[DATASET RECORDS Boundary: Start]

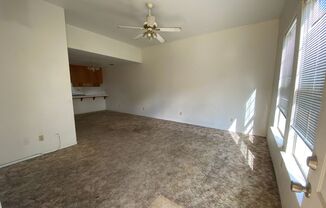 2 beds, 1 bath, $1,300, Unit # B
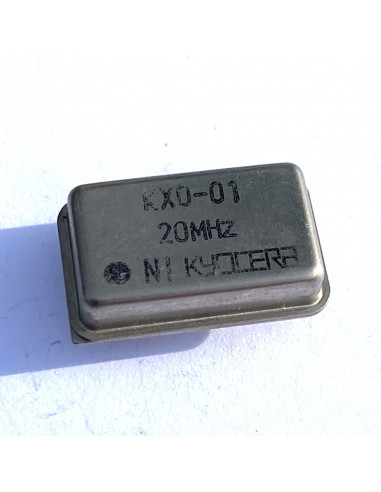 Kyocera KXO-01 kristal oscillator 20MHz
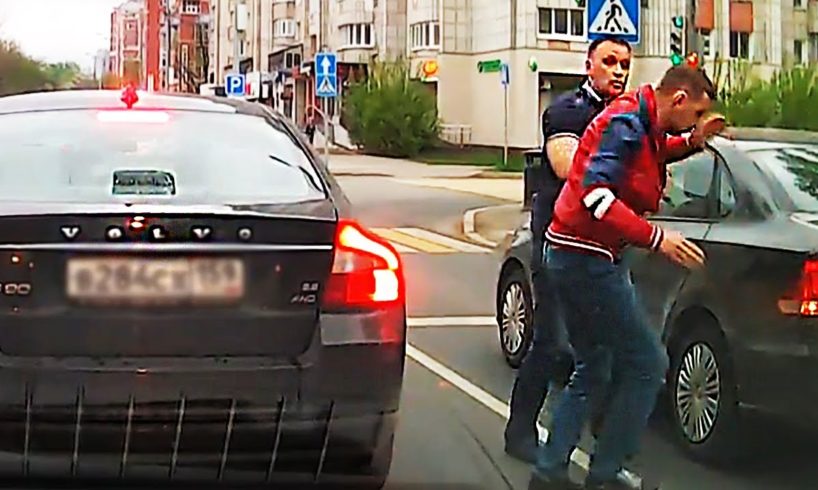 Most Idiot Drivers on Dashcam - Stupid City Racers in Traffic & Road Rage 2017 #594
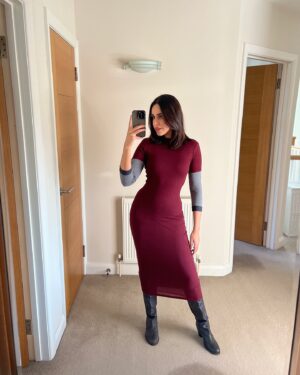 Naila Grrewal Instagram - Navigating London’s moods, one selfie at a time ☔️☀️
.
.
.
.
.
.
.
#photooftheday #selfie #london #ootd #saturday #mood #nailagrrewal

[DATASET RECORDS Boundary: End]

> [WHAT THE TASK ASKS] For this exercise, transcribe the entries verbatim and skip all pictures.

> [EXERCISE ANSWER]
 2 beds, 1 bath, $1,300, Unit # B
 Kyocera KXO-01 kristal oscillator 20MHz
 Most Idiot Drivers on Dashcam - Stupid City Racers in Traffic & Road Rage 2017 #594
 Naila Grrewal Instagram - Navigating London’s moods, one selfie at a time ☔️☀️
.
.
.
.
.
.
.
#photooftheday #selfie #london #ootd #saturday #mood #nailagrrewal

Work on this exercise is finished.